#### What you should do:
Everything in the data below except the pictures must be repeated word for word.

#### Supplied data:
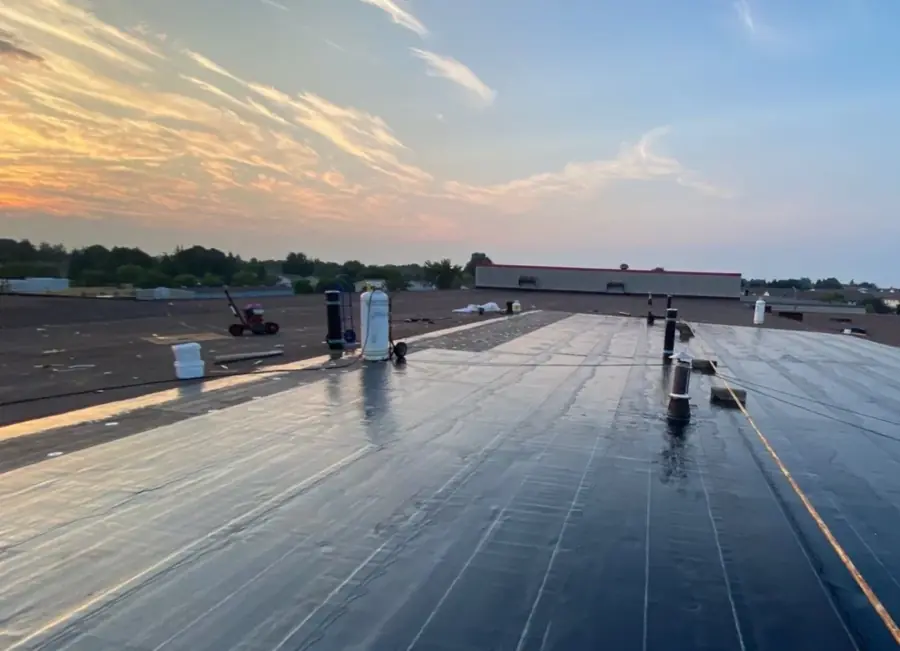 A large finished commercial flat roof at sunset in Woodstock, Ontario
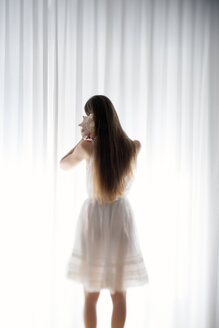 Junge Frau steht mit einer Muschel vor einem weißen Vorhang, Rückansicht - BRF000574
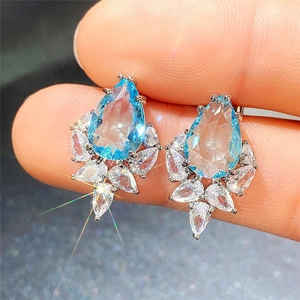 Macro view of blue pear-cut gemstone earrings with white zircon flower cluster details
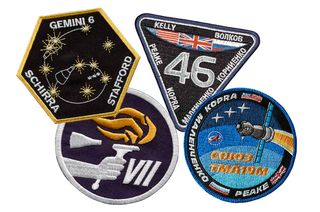 Separated by 50 years, the crew patches for Gemini 6 and Gemini 7 and Soyuz TMA-19M and ISS Expedition 46.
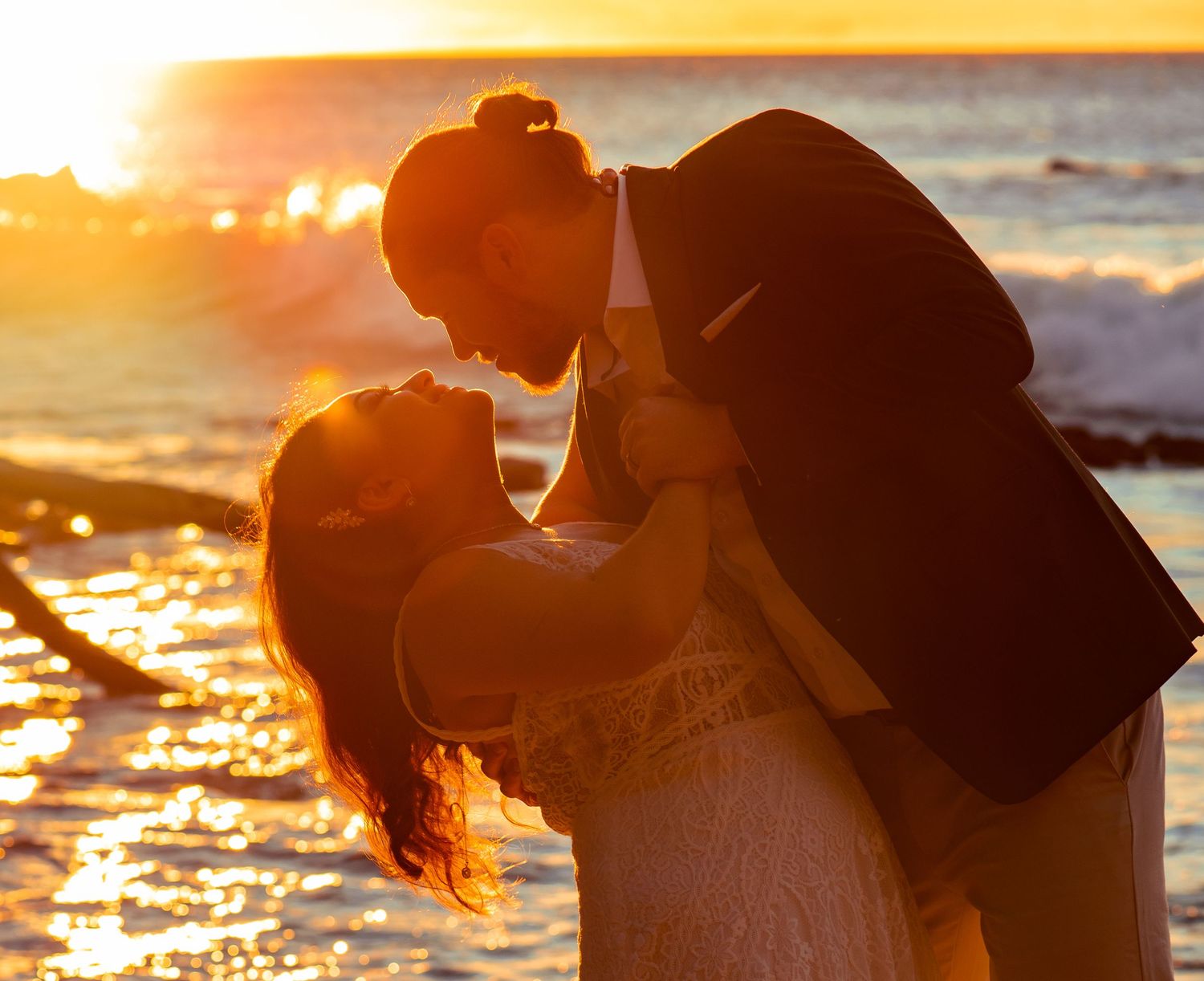 Romantic silhouette of a couple embracing against a golden sunset on the beach.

#### Task result:
 A large finished commercial flat roof at sunset in Woodstock, Ontario
 Junge Frau steht mit einer Muschel vor einem weißen Vorhang, Rückansicht - BRF000574
 Macro view of blue pear-cut gemstone earrings with white zircon flower cluster details
 Separated by 50 years, the crew patches for Gemini 6 and Gemini 7 and Soyuz TMA-19M and ISS Expedition 46.
 Romantic silhouette of a couple embracing against a golden sunset on the beach.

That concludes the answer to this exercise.